— About this exercise —
Of the entries below, restate word for word only the section that runs from the line with "Image of ASUS" to the line with "Suport TV de", counting both ends.

— Provided material —
*****

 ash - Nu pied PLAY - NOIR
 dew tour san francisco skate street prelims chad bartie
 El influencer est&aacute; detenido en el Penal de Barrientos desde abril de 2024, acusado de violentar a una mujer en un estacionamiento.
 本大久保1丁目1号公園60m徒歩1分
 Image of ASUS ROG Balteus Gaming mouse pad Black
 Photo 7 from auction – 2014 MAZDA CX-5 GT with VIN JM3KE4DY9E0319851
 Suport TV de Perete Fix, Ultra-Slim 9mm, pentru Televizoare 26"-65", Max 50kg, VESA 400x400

*****

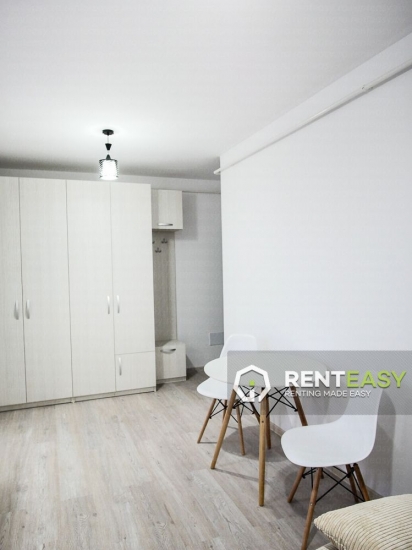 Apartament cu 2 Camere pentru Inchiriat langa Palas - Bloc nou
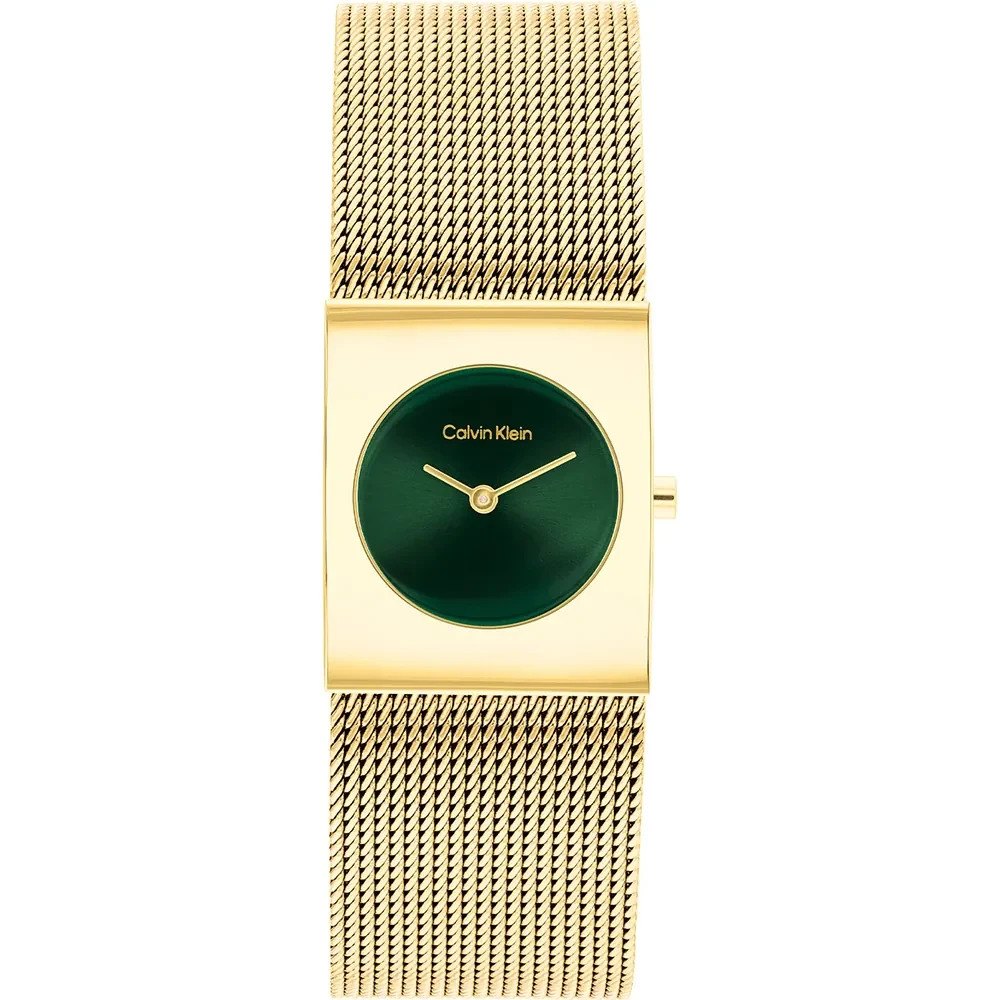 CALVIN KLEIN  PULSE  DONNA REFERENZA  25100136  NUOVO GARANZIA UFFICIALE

*****

— Exercise answer —
 Image of ASUS ROG Balteus Gaming mouse pad Black
 Photo 7 from auction – 2014 MAZDA CX-5 GT with VIN JM3KE4DY9E0319851
 Suport TV de Perete Fix, Ultra-Slim 9mm, pentru Televizoare 26"-65", Max 50kg, VESA 400x400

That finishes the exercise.